Aired March 31, 2022 - 06:00   ET


ANNOUNCER: This is CNN breaking news.


JOHN BERMAN, CNN ANCHOR: Good morning to viewers in the United States and all around the world. It is Thursday, March 31. I'm John Berman in Lviv in Western Ukraine, Brianna Keilar in Washington.

The breaking news: Russian soldiers refusing to carry out orders, in some cases sabotaging their own equipment. Supplies are low, and morale is even lower. That's according to the U.K.'s intelligence chief.

Think of that. What are the implications? We'll talk about that at length.

Also this morning, there are signs that Russian forces are regrouping on Belarusian territory. This is after suffering heavy battlefield losses in Ukraine. The Ukrainians say they appear to be replenishing manpower and weapons over the border.

BRIANNA KEILAR, CNN ANCHOR: This as negotiations with Russia are ongoing. But President Volodymyr Zelenskyy calls the talks "only words." He adds that Russian troops are now concentrating in the Donbas region for a new round of attacks.

New video shows a bombed-out Russian tank on fire in Sloboda, which is about 12 miles from Chernihiv. Ukrainian troops have retaken the town, further eroding efforts by Russian forces to encircle Chernihiv.

Moments ago, we spoke to Chernihiv's mayor. He says that attacks are increasing. People are being injured by mines. And he added that overnight, seven Russian planes are headed their way. We'll have more on that in a moment.

BERMAN: All right. Let's begin our coverage this morning with CNN's Phil Black, who joins me here in Lviv. And Phil, you heard Brianna talk about President Zelenskyy. Skeptical, I think, of the talks between the Ukrainians and the Russians, or at least cautious.

PHIL BLACK, CNN INTERNATIONAL CORRESPONDENT: Maybe even dismissive, John. He says they're just words. And that's really based upon what he is seeing, what his military is seeing on the battlefield so far. Because Russia, in its alleged good gesture -- goodwill gesture for

these peace talks, is pulling back forces from Kyiv and Chernihiv, as we've been discussing. But on the ground, the bombardment there continues, even though Ukrainian officials, U.S. officials say, yes, some forces are being pulled back. Some are being sent across the border north into Belarus.

But he belief is they're simply being resupplied there, and they will be sent back into battle, probably in the East. And indeed, in the East of the country, that is where Ukrainian officials say they are already seeing an uptick in the intensity of violence that is taking place there, largely because of they're seeing Russian hardware moved into that location.
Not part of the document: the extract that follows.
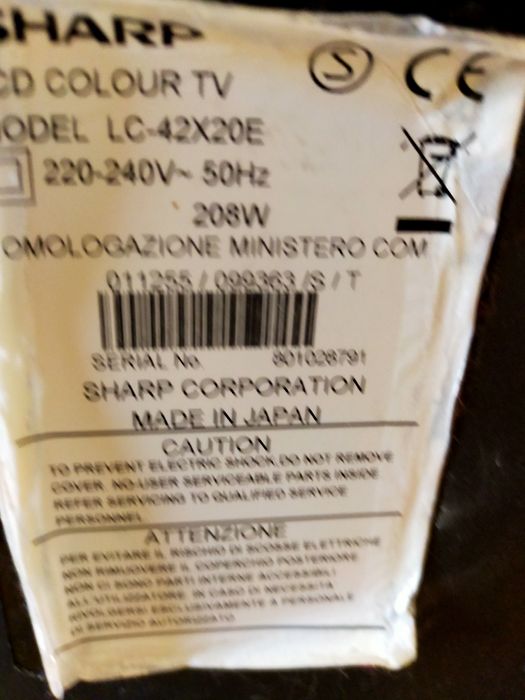 Sharp LC 42X20E televizor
So it's adding to the density of that fight, they say.

That said, the Ukrainians are still pushing back. We were talking about Chernihiv a moment ago. And yes, that town of Sloboda to the South, that is where the Ukrainians say they have retaken ground. What they're trying to do is break the blockade that still exists around that city, where there is still very much a humanitarian crisis.
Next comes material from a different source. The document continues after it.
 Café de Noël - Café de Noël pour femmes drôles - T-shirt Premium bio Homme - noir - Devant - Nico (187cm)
Meanwhile, backing up what the U.S. intelligence assessment has told us, that Vladimir Putin is not being particularly well-informed over the course of this war, and even in the leadup, U.K. intelligence chief, the chief of JCHQ, which is their electronic surveillance outfit, they -- they, too, agree that he's not being told precisely the truth in terms of what's been going on here.

More than that, has expanded to say that yes, morale is low among the Russian troops. That's perhaps not a surprise. But they're not following orders. And indeed, on one occasion, at least, they may have shot down one of their own aircraft

BERMAN: That's an extraordinary claim.

BLACK: It is an extraordinary claim. And we do not know what that is based upon, as with all of these intelligence assessments. They give us the summary, if you like, but not the -- the information that has led them to that conclusion.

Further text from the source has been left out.